EXERCISE INPUTS>
'''

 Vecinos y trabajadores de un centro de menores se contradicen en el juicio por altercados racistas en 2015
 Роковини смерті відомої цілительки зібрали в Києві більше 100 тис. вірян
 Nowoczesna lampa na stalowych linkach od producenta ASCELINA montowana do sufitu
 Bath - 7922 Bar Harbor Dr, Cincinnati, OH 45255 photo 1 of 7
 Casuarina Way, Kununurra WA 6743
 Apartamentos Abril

'''
'''

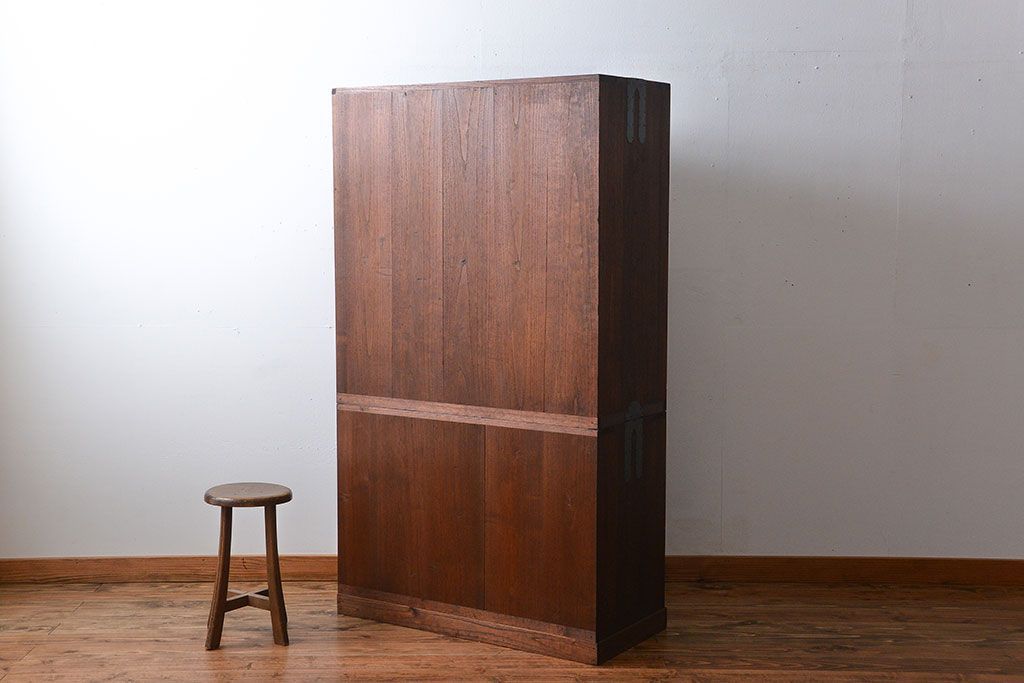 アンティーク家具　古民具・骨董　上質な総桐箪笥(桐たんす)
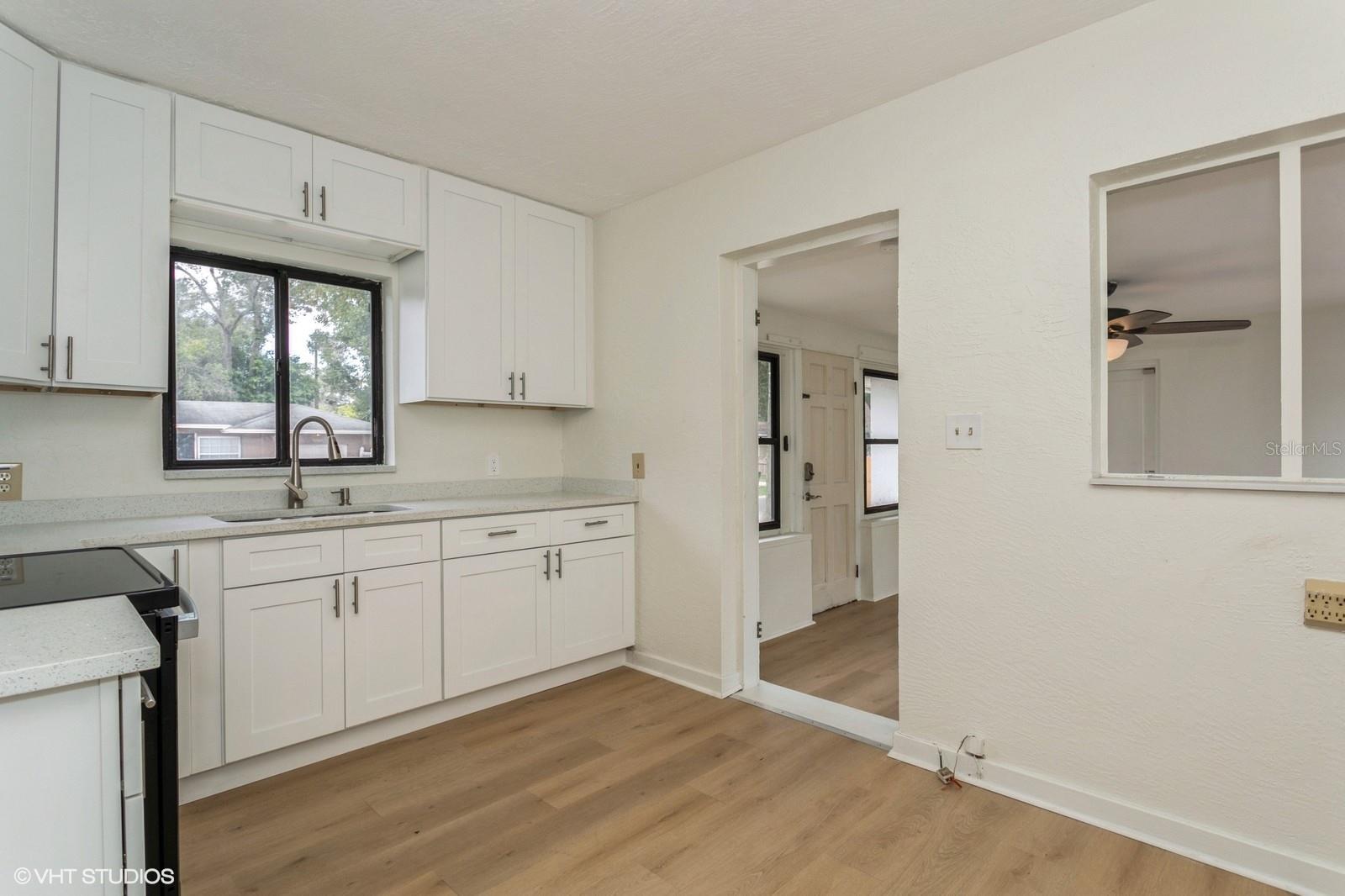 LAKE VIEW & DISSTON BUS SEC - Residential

'''

ASSIGNED TASK>
Begin with the line above that has "Vecinos y trabajadores" and continue through the line that has "Apartamentos Abril", setting each one down exactly. Stop there.

ANSWER TO THE EXERCISE>
 Vecinos y trabajadores de un centro de menores se contradicen en el juicio por altercados racistas en 2015
 Роковини смерті відомої цілительки зібрали в Києві більше 100 тис. вірян
 Nowoczesna lampa na stalowych linkach od producenta ASCELINA montowana do sufitu
 Bath - 7922 Bar Harbor Dr, Cincinnati, OH 45255 photo 1 of 7
 Casuarina Way, Kununurra WA 6743
 Apartamentos Abril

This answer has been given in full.